# Work order
Every entry below should be written out exactly, and no image should appear.

· · · ·

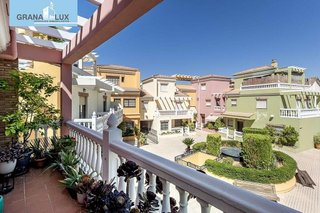 Casa adosada en venta en Bola de Oro - Serrallo en Granada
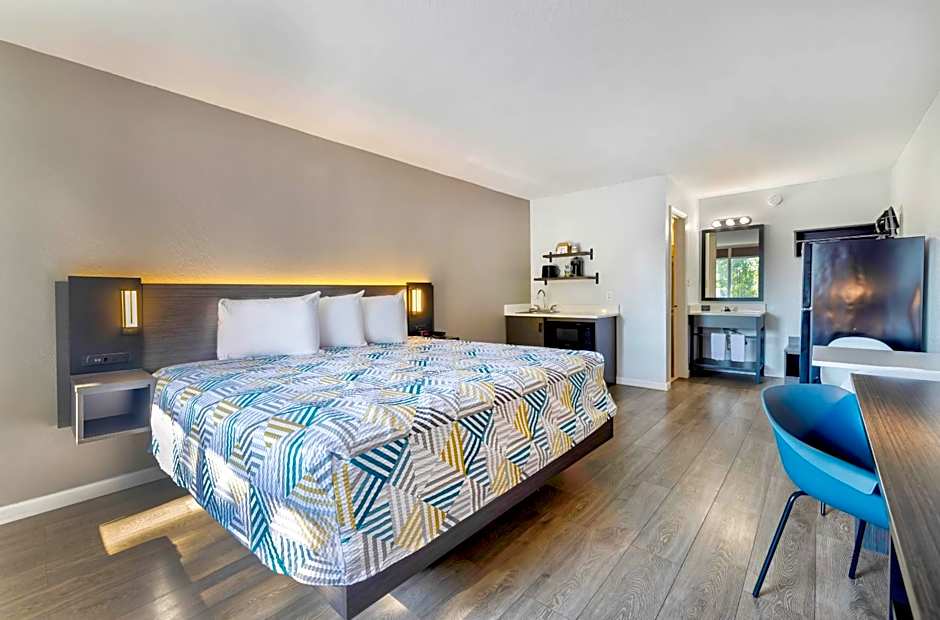 Studio 6 Effingham, IL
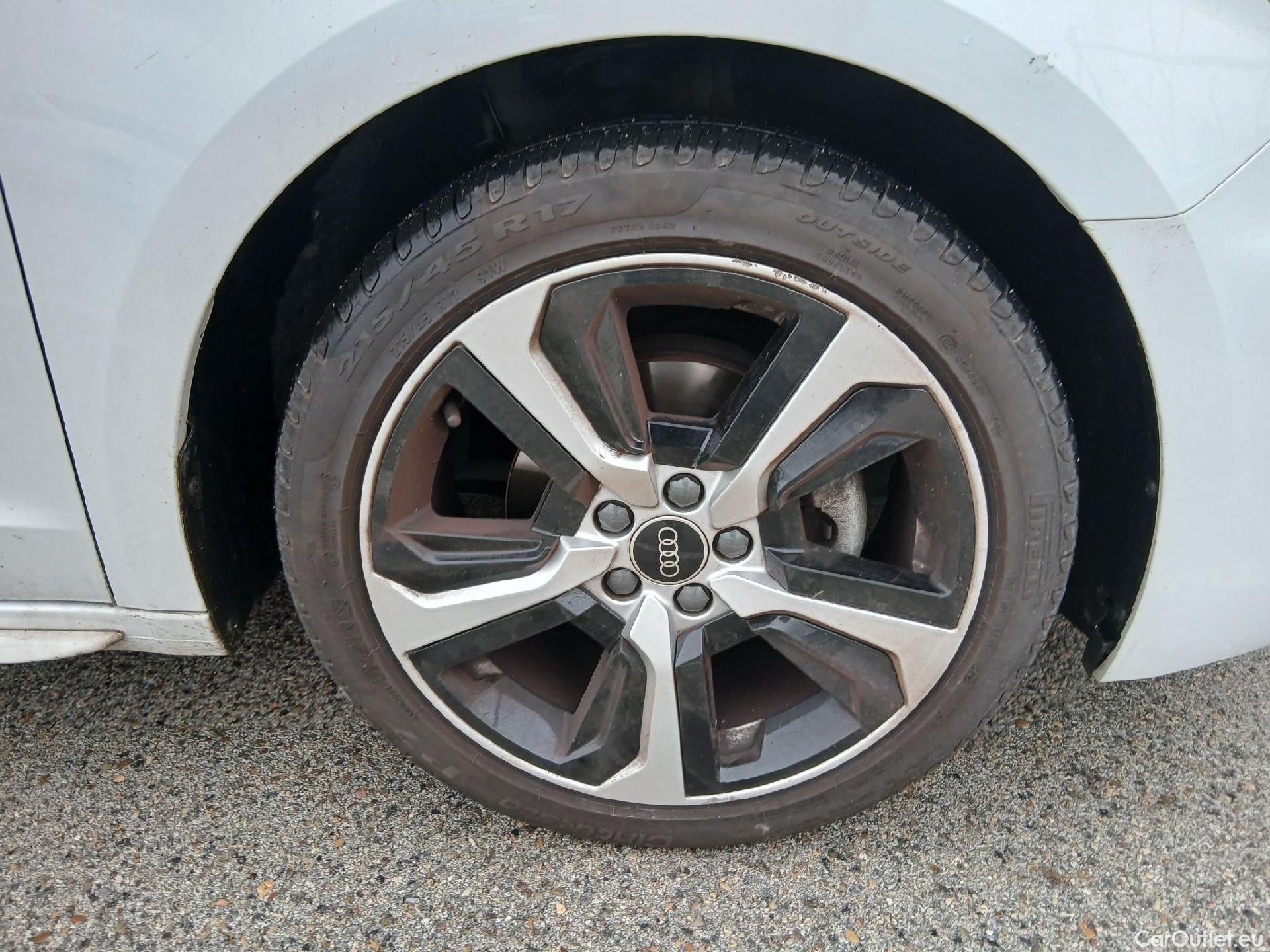  Audi  A1 Sportback AUDI A1 / 2018 / 5P / berlina con portón Sportback Adrenalin 30 TFSI 81kW S tron(SP) #28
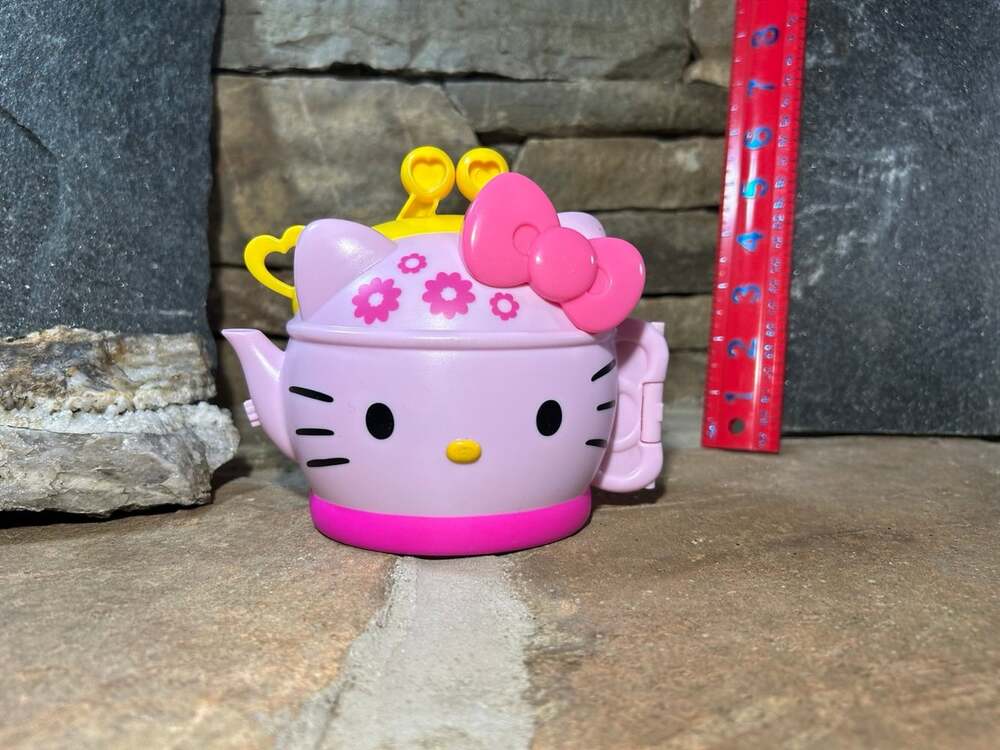 Sanrio Hello Kitty & Friends Minis Tea Party House No strap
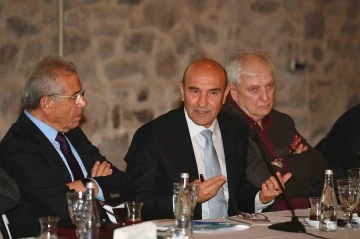 Soyer&rsquo;den veda &ouml;ncesi son toplantı: &ldquo;Ben yola devam ediyorum&rdquo;
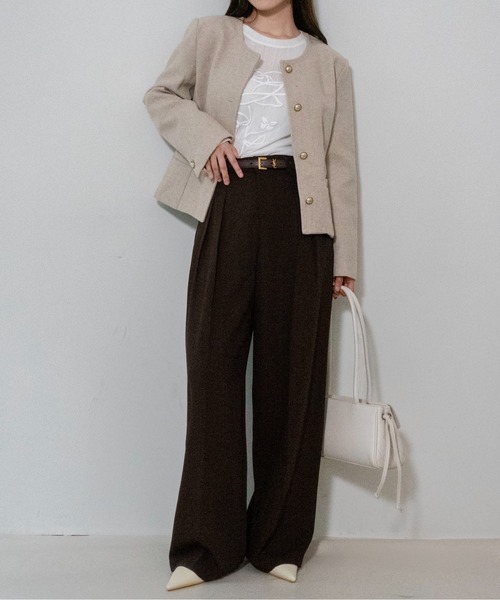 on:nue（オンニュ）の「【on:nue】ゴールド釦ヘリンボーンノーカラージャケット /26-27 AW COLLECTION（ノーカラージャケット・レディース・ベージュ/ブラウン/グレー・FREE）」の13枚目の写真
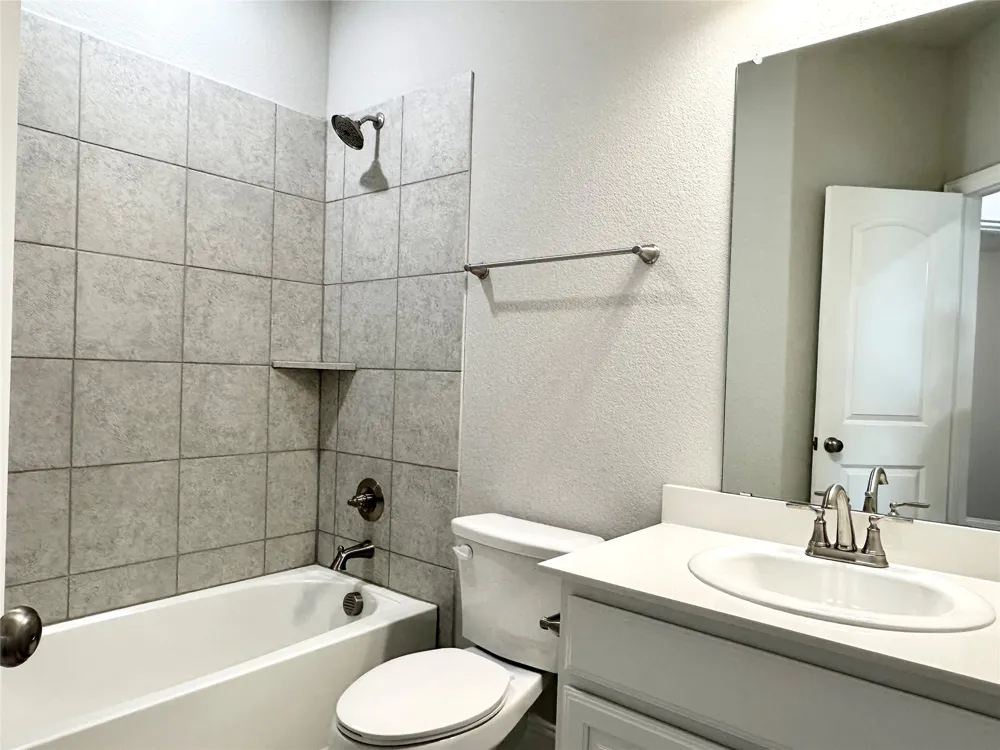 1428 Waverley Drive Greenville, TX 75402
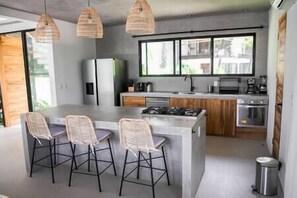 Fridge, microwave, oven, stovetop - Luna Villas (Santa Teresa Beach)
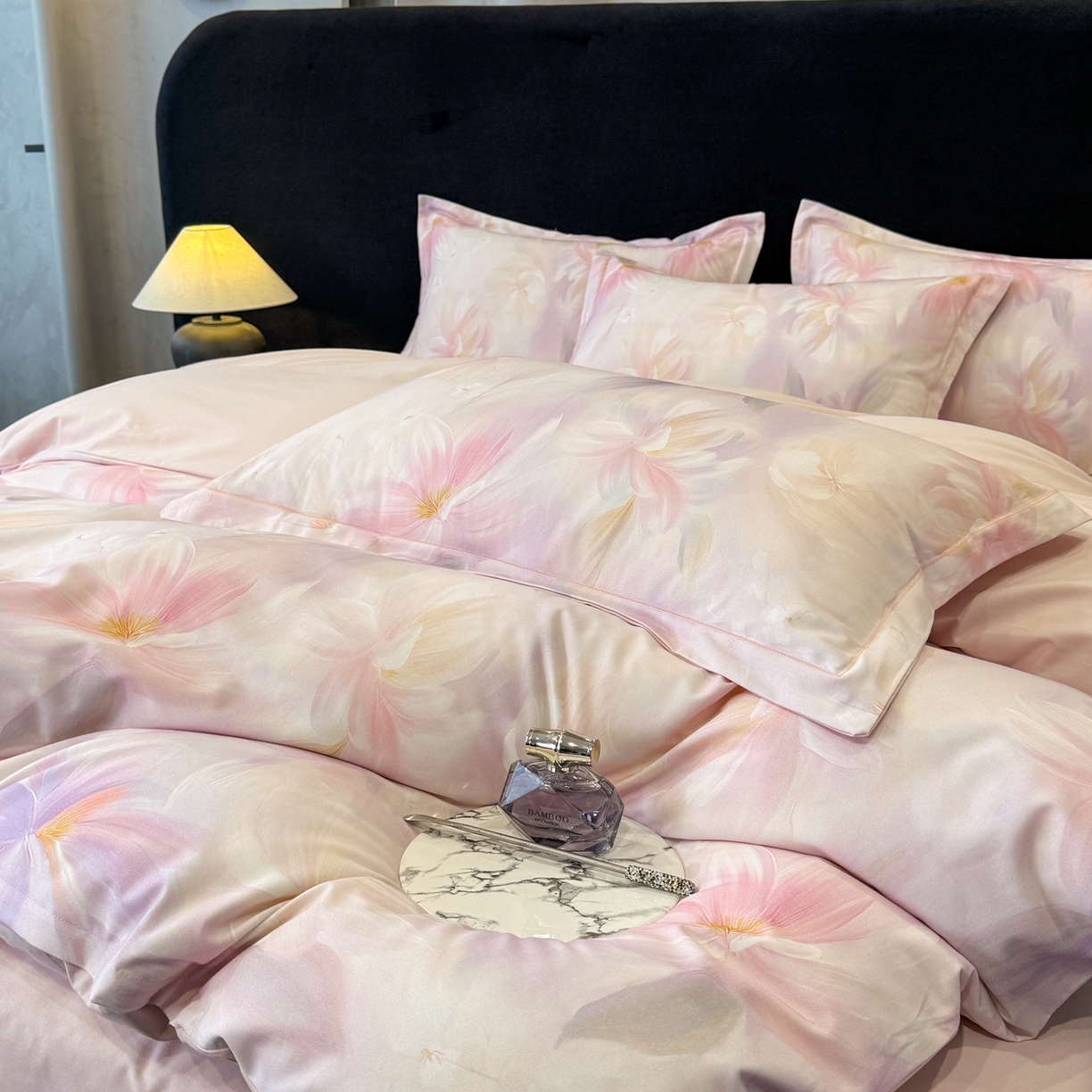 91家纺网 家纺一手货源 找家纺 喜四方 2026新款100%全棉60支长绒棉数码印花四件套（控价不低于180）心事花语-粉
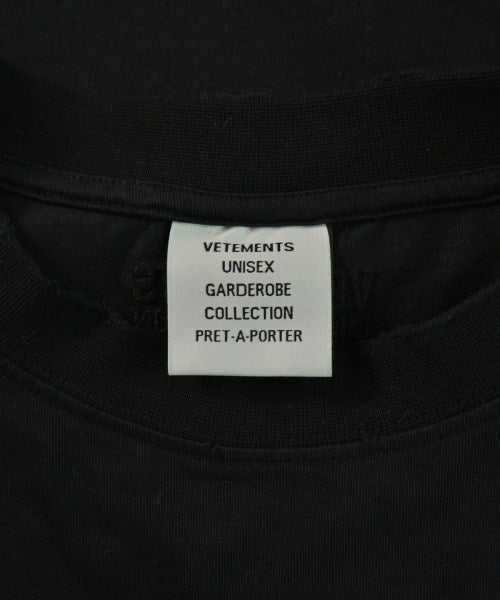 VETEMENTS เสื้อยืด/เสื้อท็อปส์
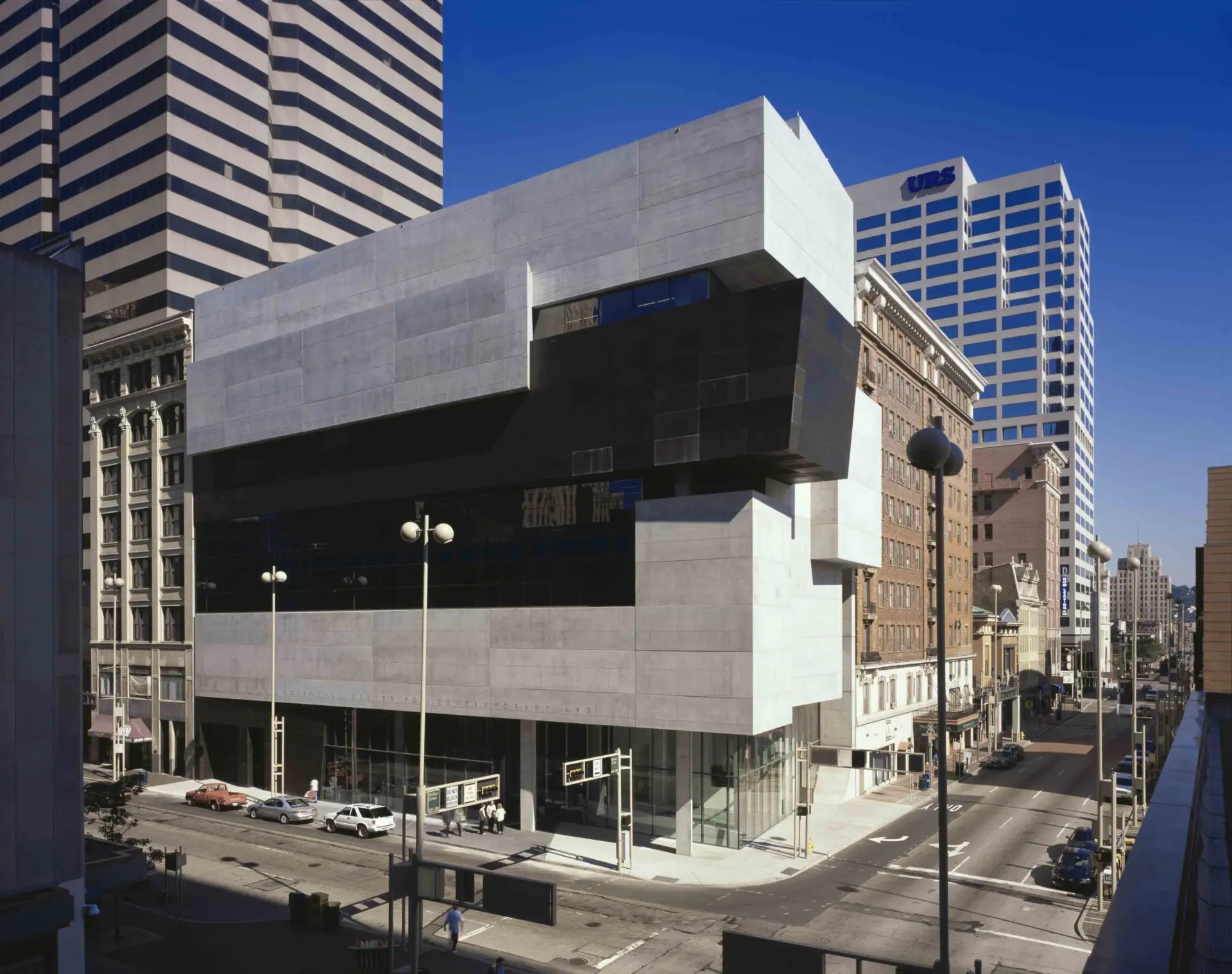 Rosenthal-Center-For-Contemporary-Art-Zaha-Hadid-Architects-Classics-On-Architecture-Lab_40 Rosenthal center for contemporary art / zaha hadid architects | classics on architecture lab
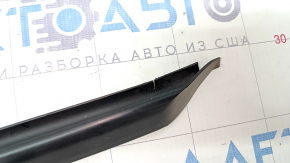 Right windshield molding Audi A4 B9 17 - torn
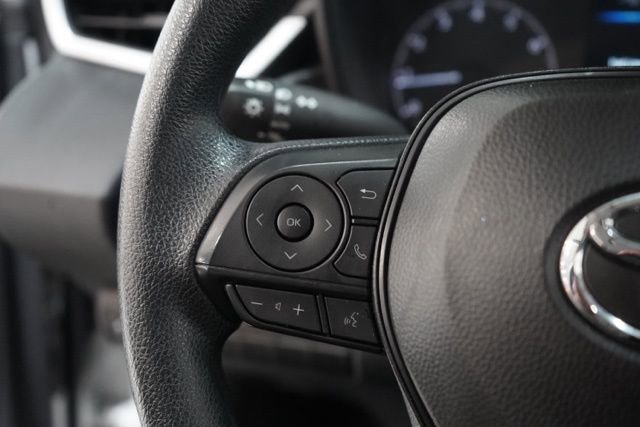 Used 2025 Toyota Corolla LE image 21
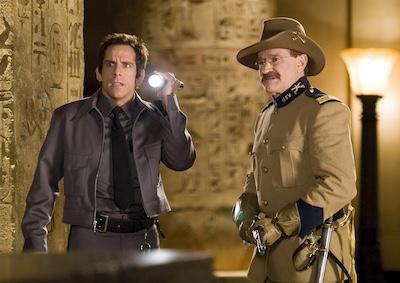 Ben Stiller and Robin Williams next to ancient Egyptian artifacts.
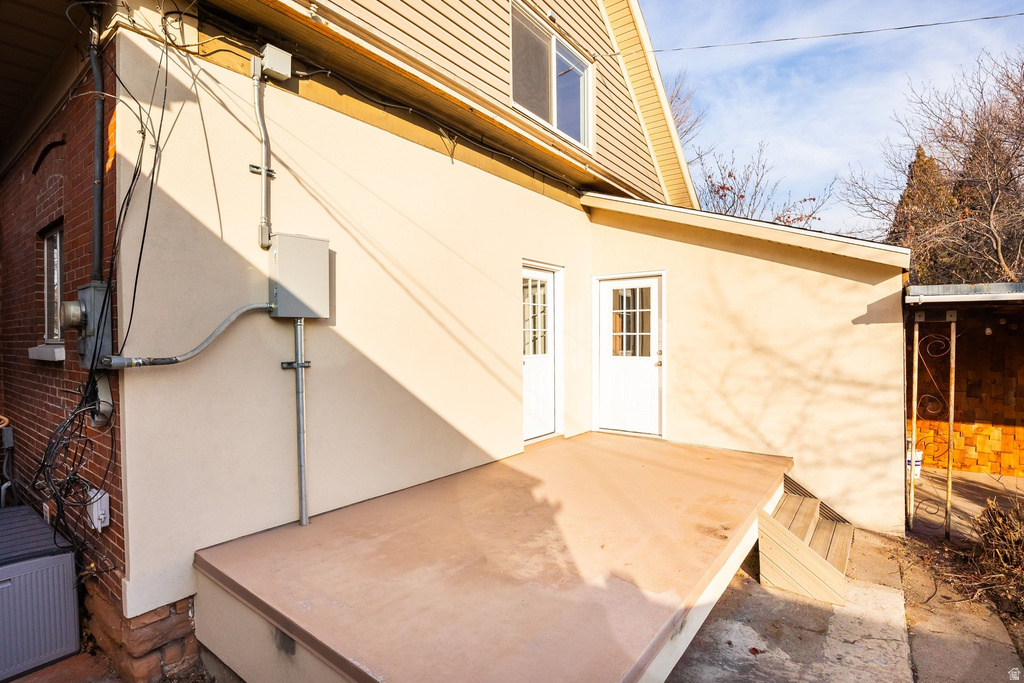 957 S LAKE ST Salt Lake City, UT 84105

· · · ·

# Answer space
 Casa adosada en venta en Bola de Oro - Serrallo en Granada
 Studio 6 Effingham, IL
  Audi  A1 Sportback AUDI A1 / 2018 / 5P / berlina con portón Sportback Adrenalin 30 TFSI 81kW S tron(SP) #28
 Sanrio Hello Kitty & Friends Minis Tea Party House No strap
 Soyer&rsquo;den veda &ouml;ncesi son toplantı: &ldquo;Ben yola devam ediyorum&rdquo;
 on:nue（オンニュ）の「【on:nue】ゴールド釦ヘリンボーンノーカラージャケット /26-27 AW COLLECTION（ノーカラージャケット・レディース・ベージュ/ブラウン/グレー・FREE）」の13枚目の写真
 1428 Waverley Drive Greenville, TX 75402
 Fridge, microwave, oven, stovetop - Luna Villas (Santa Teresa Beach)
 91家纺网 家纺一手货源 找家纺 喜四方 2026新款100%全棉60支长绒棉数码印花四件套（控价不低于180）心事花语-粉
 VETEMENTS เสื้อยืด/เสื้อท็อปส์
 Rosenthal-Center-For-Contemporary-Art-Zaha-Hadid-Architects-Classics-On-Architecture-Lab_40 Rosenthal center for contemporary art / zaha hadid architects | classics on architecture lab
 Right windshield molding Audi A4 B9 17 - torn
 Used 2025 Toyota Corolla LE image 21
 Ben Stiller and Robin Williams next to ancient Egyptian artifacts.
 957 S LAKE ST Salt Lake City, UT 84105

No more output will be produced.